Crawled caption data
BEGIN
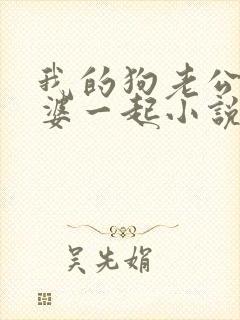 我的狗老公拉婆婆一起小说最新章节在线阅读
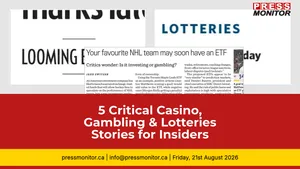 5 Critical Casino, Gambling & Lotteries Stories for Industry Insiders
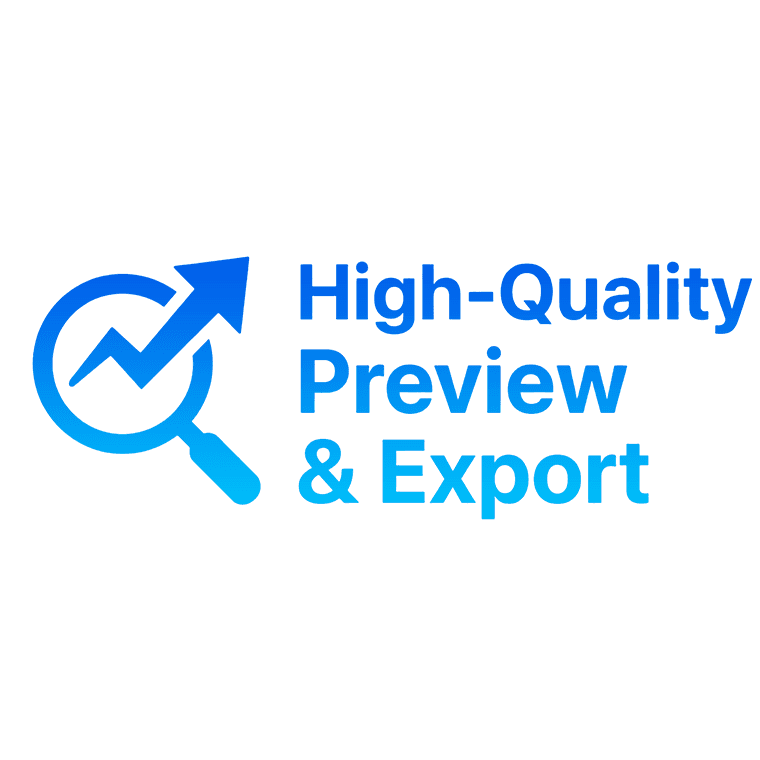 High-Quality Preview & Export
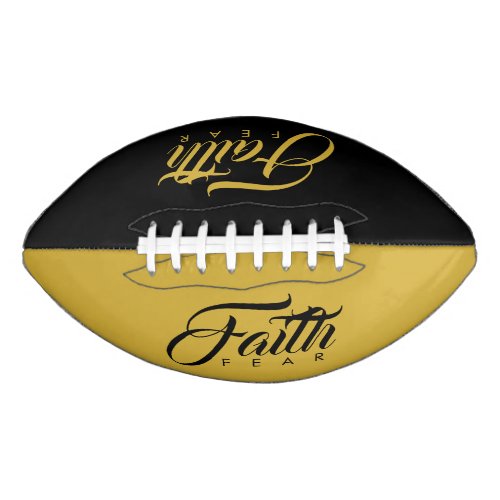 Faith Over Fear Black and Gold Football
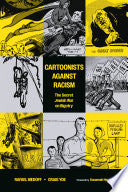 Cartoonists Against Racism: The Secret Jewish War on Bigotry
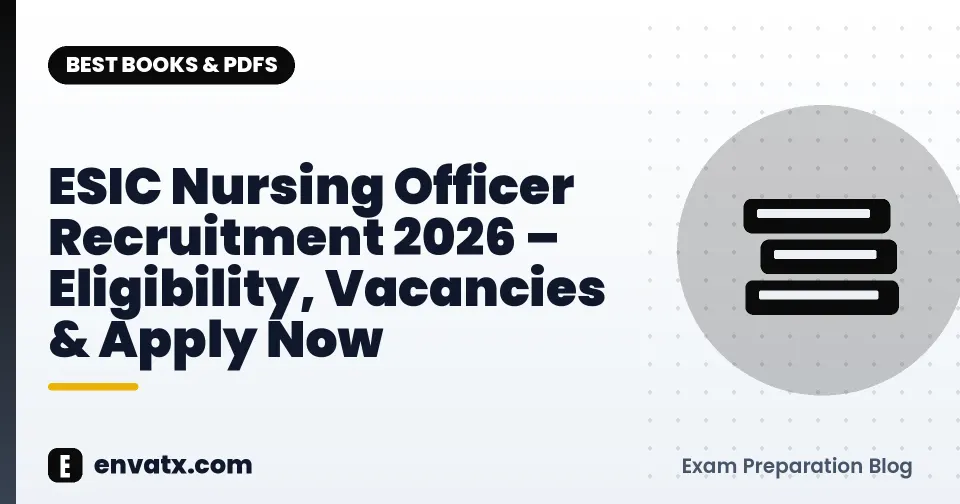 ESIC Nursing Officer Recruitment 2026 – Eligibility, Vacancies & Apply Now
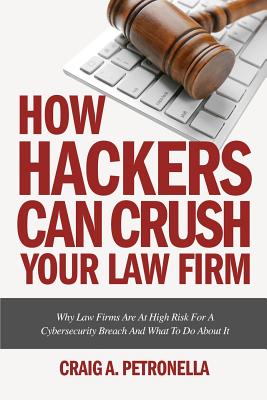 How Hackers Can Crush Your Law Firm: Why Law Firms Are At High Risk For A Cybersecurity Breach And What To Do About It Cover Image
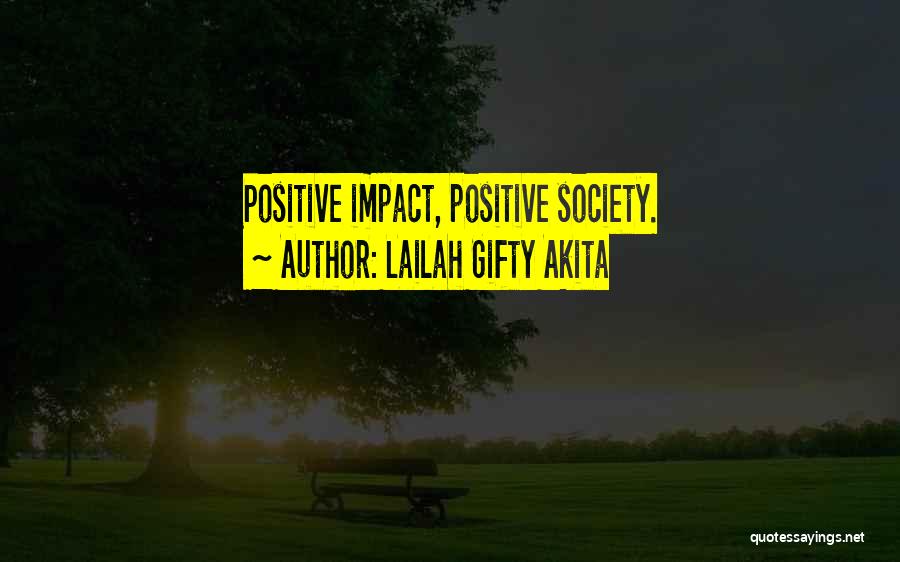 Inspiring Positive Change Quotes By Lailah Gifty Akita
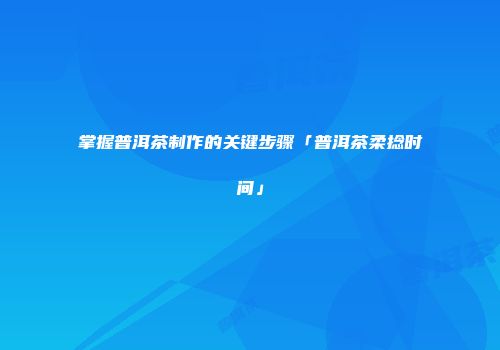 掌握普洱茶制作的关键步骤「普洱茶柔捻时间」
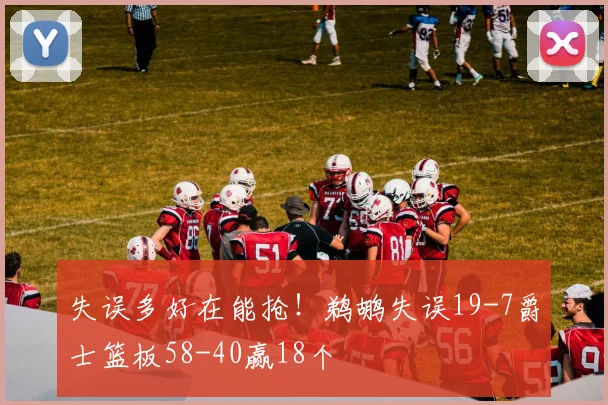 失误多好在能抢！鹈鹕失误19-7爵士篮板58-40赢18个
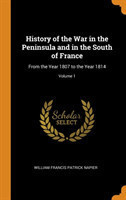 History of the War in the Peninsula and in the South of France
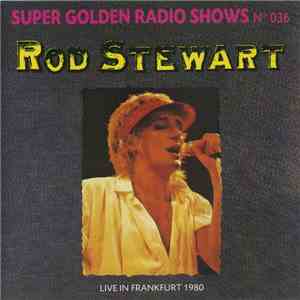 Rod Stewart - Live In Frankfurt 1980 download flac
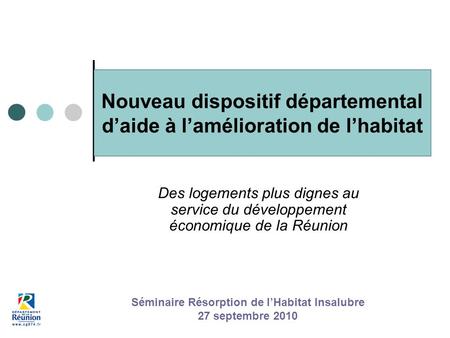 Nouveau dispositif départemental daide à lamélioration de lhabitat Des logements plus dignes au service du développement économique de la Réunion Séminaire.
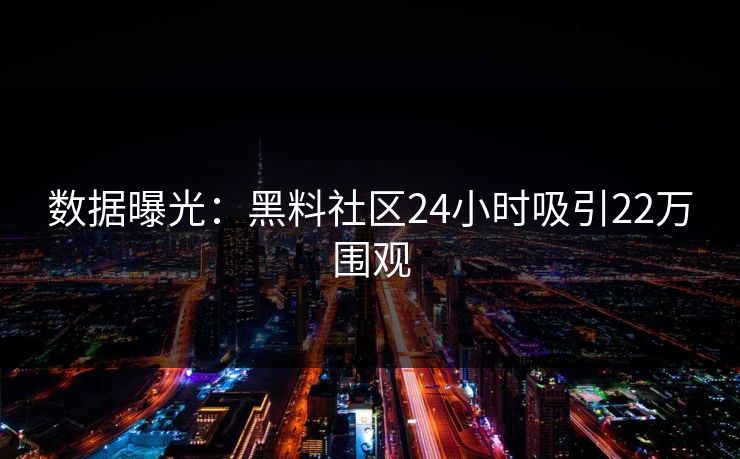 数据曝光：黑料社区24小时吸引22万围观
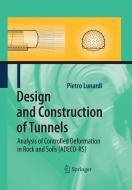 Design and Construction of Tunnels di Pietro Lunardi edito da Springer Berlin Heidelberg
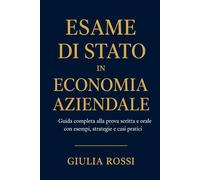 Esame di Stato in Economia Aziendale: Guida Completa alla Preparazione, Analisi dei Casi e Strategie Vincenti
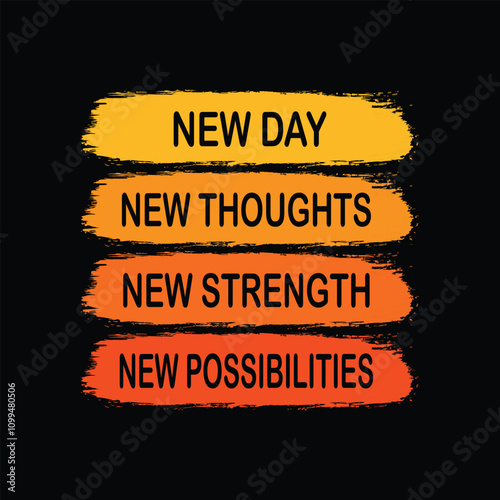 New Day New Thoughts New Strength New Possibilities typography design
END
--- INSTRUCTIONS TO FOLLOW ---
No pictures should appear in the copy. Reproduce exactly the lines from the line containing "Design and Construction" through the last line of the data, inclusive.

--- PROBLEM SOLUTION ---
 Design and Construction of Tunnels di Pietro Lunardi edito da Springer Berlin Heidelberg
 Esame di Stato in Economia Aziendale: Guida Completa alla Preparazione, Analisi dei Casi e Strategie Vincenti
 New Day New Thoughts New Strength New Possibilities typography design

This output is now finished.